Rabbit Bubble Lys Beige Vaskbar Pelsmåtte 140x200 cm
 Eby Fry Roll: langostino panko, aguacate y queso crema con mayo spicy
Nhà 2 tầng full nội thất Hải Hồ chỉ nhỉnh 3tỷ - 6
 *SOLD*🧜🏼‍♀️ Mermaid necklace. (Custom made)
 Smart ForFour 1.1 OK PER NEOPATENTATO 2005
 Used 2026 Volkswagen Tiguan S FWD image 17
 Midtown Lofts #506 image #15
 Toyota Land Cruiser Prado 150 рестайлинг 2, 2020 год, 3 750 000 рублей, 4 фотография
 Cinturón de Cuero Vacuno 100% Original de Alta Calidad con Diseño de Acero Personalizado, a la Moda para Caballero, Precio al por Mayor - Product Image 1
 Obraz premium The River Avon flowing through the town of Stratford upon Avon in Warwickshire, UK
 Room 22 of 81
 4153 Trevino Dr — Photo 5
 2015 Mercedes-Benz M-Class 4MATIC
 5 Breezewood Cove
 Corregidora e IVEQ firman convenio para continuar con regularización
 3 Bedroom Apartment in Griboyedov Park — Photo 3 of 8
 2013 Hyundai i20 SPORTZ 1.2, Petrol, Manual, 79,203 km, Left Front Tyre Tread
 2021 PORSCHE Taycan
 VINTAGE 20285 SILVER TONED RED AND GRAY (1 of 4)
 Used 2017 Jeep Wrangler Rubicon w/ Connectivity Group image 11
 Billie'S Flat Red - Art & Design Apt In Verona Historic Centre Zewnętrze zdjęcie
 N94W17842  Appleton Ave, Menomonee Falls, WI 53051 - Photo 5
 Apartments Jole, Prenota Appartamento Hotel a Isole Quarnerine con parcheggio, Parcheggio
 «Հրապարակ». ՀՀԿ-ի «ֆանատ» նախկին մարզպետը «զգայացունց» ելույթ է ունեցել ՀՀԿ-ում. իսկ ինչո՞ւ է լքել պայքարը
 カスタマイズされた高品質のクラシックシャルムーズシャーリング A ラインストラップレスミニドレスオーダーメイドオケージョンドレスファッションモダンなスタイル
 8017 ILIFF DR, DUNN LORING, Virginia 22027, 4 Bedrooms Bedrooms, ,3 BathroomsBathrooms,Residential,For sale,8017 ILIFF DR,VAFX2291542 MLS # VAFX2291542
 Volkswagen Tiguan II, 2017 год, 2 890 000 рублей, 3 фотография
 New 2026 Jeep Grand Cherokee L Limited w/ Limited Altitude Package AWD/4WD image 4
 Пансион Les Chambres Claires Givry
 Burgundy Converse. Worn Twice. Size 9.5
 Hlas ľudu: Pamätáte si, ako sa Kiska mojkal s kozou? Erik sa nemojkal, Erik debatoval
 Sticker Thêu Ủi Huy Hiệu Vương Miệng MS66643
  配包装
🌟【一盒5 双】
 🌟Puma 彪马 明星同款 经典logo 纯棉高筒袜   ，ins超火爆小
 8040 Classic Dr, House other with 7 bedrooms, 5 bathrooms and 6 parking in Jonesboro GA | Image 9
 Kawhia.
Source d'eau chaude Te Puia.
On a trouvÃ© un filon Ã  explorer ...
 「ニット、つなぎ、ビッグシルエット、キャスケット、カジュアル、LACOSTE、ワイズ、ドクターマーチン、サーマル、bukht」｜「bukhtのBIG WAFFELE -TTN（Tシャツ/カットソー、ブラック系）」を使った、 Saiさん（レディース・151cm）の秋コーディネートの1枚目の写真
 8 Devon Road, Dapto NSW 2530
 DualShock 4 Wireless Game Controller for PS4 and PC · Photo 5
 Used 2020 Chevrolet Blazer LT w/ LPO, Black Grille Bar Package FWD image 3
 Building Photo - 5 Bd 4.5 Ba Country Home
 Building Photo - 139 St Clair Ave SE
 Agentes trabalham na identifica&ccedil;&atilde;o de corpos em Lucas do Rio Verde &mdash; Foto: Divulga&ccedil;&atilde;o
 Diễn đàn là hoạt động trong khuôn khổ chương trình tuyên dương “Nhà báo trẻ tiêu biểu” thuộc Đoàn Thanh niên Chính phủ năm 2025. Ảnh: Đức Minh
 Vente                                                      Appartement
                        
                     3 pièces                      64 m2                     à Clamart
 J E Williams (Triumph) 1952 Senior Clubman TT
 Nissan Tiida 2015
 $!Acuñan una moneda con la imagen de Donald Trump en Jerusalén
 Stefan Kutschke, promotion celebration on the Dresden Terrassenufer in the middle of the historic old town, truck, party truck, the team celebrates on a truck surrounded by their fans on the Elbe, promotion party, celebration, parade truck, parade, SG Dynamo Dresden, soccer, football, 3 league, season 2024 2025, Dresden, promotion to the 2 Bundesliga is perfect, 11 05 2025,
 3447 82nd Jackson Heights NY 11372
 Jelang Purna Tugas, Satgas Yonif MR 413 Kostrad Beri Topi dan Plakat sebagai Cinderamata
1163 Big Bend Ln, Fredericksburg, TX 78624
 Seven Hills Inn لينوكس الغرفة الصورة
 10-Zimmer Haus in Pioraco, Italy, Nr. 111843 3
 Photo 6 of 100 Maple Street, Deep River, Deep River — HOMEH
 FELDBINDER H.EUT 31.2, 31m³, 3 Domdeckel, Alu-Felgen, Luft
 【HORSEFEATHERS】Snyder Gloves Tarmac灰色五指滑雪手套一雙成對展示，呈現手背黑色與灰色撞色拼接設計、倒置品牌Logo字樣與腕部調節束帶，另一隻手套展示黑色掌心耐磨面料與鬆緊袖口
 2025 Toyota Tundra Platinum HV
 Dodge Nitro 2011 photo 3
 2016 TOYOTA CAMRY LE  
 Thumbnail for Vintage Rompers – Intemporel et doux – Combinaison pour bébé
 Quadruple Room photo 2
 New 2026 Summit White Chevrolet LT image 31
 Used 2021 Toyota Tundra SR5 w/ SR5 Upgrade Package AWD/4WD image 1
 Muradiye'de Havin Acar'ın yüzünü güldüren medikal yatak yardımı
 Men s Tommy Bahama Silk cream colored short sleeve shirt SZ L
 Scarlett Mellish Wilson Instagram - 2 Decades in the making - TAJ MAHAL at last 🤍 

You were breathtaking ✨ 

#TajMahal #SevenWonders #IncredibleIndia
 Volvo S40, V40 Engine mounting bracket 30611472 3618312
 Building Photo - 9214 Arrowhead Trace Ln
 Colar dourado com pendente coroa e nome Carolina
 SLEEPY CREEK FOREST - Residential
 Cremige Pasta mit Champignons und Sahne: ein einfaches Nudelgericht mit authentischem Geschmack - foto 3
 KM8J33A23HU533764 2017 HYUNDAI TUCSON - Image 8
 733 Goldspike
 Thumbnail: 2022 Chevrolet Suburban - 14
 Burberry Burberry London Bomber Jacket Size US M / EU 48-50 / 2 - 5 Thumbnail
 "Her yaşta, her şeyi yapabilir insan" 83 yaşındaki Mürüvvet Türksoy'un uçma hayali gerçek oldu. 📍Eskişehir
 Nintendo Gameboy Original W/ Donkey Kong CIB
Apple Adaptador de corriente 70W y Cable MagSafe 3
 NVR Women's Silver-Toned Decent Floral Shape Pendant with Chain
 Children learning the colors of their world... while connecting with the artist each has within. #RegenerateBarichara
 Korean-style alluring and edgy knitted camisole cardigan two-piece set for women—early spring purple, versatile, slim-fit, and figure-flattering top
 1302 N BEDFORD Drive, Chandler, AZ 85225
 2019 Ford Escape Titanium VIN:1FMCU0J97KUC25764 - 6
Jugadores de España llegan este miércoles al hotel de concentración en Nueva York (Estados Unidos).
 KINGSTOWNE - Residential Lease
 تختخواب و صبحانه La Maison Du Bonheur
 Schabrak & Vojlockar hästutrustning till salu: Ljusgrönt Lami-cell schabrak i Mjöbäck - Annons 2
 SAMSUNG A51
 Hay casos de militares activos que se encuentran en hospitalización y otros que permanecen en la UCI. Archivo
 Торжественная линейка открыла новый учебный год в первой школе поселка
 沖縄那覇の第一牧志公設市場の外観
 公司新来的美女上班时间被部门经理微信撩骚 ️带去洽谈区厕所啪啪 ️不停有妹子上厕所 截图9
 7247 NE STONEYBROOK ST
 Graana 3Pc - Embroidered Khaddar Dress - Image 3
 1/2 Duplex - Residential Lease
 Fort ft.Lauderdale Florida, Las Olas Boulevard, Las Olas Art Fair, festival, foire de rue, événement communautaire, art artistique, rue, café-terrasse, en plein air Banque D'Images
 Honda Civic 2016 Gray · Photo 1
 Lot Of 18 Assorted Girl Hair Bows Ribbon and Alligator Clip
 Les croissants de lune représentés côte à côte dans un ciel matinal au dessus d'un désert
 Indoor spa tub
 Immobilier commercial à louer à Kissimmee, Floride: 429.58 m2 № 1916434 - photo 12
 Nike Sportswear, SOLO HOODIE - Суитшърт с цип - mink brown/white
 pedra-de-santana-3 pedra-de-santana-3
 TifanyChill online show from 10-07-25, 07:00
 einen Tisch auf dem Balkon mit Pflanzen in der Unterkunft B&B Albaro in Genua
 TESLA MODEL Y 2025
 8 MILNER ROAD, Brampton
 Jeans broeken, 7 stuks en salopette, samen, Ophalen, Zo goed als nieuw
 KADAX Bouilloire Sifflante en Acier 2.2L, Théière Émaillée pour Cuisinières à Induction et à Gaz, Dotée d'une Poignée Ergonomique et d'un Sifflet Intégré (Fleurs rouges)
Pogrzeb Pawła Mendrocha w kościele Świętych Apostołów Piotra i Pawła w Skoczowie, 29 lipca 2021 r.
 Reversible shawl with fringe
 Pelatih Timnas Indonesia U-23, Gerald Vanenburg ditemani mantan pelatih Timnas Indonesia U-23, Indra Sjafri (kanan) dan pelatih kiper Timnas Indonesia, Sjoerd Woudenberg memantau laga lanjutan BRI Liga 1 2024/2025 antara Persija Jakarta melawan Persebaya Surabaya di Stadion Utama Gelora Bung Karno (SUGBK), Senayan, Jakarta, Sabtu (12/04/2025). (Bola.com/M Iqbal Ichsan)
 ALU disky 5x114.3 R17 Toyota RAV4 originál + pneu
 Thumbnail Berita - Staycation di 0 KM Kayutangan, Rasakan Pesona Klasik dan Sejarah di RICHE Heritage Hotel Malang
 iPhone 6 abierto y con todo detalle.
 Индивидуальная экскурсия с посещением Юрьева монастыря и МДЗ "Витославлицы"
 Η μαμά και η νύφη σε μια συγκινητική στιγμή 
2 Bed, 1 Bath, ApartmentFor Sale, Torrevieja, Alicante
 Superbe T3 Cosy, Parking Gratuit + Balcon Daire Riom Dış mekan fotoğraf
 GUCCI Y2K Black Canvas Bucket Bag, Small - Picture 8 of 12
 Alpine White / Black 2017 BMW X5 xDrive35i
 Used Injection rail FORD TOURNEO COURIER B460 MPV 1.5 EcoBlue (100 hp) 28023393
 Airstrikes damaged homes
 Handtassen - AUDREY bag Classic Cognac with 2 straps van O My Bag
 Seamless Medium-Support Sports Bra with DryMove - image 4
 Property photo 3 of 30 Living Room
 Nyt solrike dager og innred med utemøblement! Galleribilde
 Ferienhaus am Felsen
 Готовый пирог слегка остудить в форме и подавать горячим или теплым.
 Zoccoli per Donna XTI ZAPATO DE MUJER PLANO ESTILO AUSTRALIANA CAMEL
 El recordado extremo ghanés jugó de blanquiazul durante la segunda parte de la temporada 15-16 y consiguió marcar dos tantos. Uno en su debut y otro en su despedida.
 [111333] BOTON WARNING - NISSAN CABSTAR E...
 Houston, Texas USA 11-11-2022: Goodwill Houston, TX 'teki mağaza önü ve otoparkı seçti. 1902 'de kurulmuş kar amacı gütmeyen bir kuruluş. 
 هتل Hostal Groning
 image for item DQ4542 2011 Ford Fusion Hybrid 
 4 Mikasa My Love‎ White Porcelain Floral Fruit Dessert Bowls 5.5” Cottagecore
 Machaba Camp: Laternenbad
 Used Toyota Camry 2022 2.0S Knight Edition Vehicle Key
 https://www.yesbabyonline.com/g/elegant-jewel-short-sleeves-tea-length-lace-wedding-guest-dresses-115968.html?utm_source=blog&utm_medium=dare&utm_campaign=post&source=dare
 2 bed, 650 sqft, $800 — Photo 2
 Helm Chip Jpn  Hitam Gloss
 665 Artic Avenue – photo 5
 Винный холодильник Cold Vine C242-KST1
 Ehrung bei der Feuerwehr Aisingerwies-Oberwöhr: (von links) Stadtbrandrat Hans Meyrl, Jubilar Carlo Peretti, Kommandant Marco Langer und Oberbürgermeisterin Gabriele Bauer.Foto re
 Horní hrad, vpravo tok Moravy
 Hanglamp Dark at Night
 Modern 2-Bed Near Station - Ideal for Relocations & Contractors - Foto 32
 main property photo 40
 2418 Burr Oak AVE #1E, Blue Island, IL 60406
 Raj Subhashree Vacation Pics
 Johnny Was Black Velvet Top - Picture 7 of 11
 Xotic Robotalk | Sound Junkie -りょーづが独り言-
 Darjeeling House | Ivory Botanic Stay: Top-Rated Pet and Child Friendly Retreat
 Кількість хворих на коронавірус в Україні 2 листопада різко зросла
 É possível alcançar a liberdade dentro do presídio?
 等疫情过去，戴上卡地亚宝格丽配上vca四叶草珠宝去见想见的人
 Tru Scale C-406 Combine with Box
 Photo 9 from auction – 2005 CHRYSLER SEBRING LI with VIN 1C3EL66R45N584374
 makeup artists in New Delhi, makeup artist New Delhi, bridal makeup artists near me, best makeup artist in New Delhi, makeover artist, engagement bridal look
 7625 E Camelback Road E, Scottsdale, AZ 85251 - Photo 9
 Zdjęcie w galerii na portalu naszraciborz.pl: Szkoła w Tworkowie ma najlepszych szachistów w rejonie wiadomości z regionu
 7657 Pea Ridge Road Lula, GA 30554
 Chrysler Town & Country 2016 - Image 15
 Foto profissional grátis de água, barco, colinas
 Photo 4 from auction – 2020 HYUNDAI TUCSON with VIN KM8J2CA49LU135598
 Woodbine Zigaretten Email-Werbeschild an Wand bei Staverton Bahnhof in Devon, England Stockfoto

====

▶ _Activity_
Please repeat word for word the lines above that run from the beginning through the line containing "5 Breezewood Cove", keeping both the first and that last line.

▶ _Response area_
Rabbit Bubble Lys Beige Vaskbar Pelsmåtte 140x200 cm
 Eby Fry Roll: langostino panko, aguacate y queso crema con mayo spicy
Nhà 2 tầng full nội thất Hải Hồ chỉ nhỉnh 3tỷ - 6
 *SOLD*🧜🏼‍♀️ Mermaid necklace. (Custom made)
 Smart ForFour 1.1 OK PER NEOPATENTATO 2005
 Used 2026 Volkswagen Tiguan S FWD image 17
 Midtown Lofts #506 image #15
 Toyota Land Cruiser Prado 150 рестайлинг 2, 2020 год, 3 750 000 рублей, 4 фотография
 Cinturón de Cuero Vacuno 100% Original de Alta Calidad con Diseño de Acero Personalizado, a la Moda para Caballero, Precio al por Mayor - Product Image 1
 Obraz premium The River Avon flowing through the town of Stratford upon Avon in Warwickshire, UK
 Room 22 of 81
 4153 Trevino Dr — Photo 5
 2015 Mercedes-Benz M-Class 4MATIC
 5 Breezewood Cove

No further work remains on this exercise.